Kristin, obliging the photographer in recalling a familiar scene from some years ago
The 'Thunderbolt of Italy' -- meet Gaston de Foix, Duke of Nemours, who inherited command of the French armies in northern Italy in May 1511, in the War of the League of Cambrai, and promptly energized his forces, drove the Spanish out of their siege of Bologna, dashed up to defeat the Venetian army and take Brescia, and brilliantly defeated the Spanish with their German mercenaries at the Battle of Ravenna in April 1512, but got shot dead in the process. He was 22 when he died.
Handsome chap (probably insufferable in light conversation)

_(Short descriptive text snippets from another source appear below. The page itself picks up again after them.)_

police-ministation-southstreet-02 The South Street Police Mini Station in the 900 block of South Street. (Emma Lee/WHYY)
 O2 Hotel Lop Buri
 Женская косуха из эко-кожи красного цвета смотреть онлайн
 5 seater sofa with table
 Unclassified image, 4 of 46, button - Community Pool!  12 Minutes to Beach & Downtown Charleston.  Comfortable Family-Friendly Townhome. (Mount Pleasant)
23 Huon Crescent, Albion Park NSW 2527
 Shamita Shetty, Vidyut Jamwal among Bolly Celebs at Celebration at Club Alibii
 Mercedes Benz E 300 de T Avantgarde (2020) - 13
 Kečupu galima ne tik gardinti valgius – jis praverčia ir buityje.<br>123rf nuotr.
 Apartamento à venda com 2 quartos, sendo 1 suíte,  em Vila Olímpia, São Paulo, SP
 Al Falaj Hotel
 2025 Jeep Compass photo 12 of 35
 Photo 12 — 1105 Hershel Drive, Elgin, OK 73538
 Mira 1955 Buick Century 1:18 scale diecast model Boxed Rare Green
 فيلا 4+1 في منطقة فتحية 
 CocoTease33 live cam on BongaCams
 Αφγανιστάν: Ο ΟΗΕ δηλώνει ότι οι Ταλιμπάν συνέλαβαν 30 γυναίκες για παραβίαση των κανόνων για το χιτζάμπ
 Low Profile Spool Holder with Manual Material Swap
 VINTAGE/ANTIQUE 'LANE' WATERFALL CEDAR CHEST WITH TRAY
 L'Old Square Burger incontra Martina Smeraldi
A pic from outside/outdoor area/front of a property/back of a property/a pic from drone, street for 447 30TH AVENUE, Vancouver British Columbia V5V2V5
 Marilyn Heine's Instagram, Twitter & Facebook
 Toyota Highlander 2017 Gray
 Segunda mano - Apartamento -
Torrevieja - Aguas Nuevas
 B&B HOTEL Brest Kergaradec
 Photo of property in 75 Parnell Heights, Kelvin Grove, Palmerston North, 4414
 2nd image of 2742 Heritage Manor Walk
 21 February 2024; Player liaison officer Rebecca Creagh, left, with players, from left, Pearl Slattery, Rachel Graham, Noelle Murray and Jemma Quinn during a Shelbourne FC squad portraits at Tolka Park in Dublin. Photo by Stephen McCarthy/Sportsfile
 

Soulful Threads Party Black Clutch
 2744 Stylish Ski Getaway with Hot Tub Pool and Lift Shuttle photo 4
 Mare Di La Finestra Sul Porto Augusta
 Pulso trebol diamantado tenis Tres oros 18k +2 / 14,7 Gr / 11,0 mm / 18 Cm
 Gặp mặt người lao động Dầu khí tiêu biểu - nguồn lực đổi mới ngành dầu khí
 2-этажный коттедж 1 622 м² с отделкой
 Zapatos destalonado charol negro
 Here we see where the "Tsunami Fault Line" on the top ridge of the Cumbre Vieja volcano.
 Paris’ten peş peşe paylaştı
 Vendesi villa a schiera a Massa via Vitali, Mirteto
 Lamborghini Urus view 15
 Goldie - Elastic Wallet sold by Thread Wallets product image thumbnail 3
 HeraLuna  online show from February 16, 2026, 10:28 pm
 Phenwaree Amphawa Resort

Gaston's sarcophagus and scenes of his battles, commissioned by the French rulers in Milan to Agostino Busti in 1517, were never assembled properly because of rapidly changing perceptions of who was in charge where at the time.
The gate leading out the back of the castle into the vast Parco Sempione
The courtyard of the Roccheta Keep, that is, the 'fortress within the fortress'
A carved-wood Mary Magdalene by Giovanni Angelo del Maino, ca. 1525 (We collect Mary Magdalenes.)
St John, Mary, and Magdalene from a carved wooden tableau attributed to the Maestro del Compianti, Master of the Mourned, ca. 1515. The pose of Mary Magdalene, for a standard Crucifixion scene, is priceless.
Through the decorative arts museum
A Mechanical Satan -- turn the crank and watch out! Perhaps suitable for a sardonic exhibition loan to the atrium of the US congressional building.
A cute cassettone or chest of drawers, 18th or 19th century, with lots of heads on it.
The courtyard in the Roccheta Keep, the part of the castello facing out towards the park, as we're wending towards the exits
Four gentlemen are crossing the courtyard in berets wearing what might be called 'camouflage' except that they're in the middle of a tourist attraction and stand out a lot, and carrying submachine guns with (at least in one case) the finger inside the trigger guard, which doesn't sound like a good idea at all.
A drawing of the Sforza Castle in the days of the bastions and ravelins.
Out the front gate, facing the Piazza Castello. We need to thank mainly Luca Beltrami, who led the careful restorations, 1891–1905, after years of Austrian abuse, and to those who carried out the repairs after the British and Americans bombed the daylights out of the place in 1943.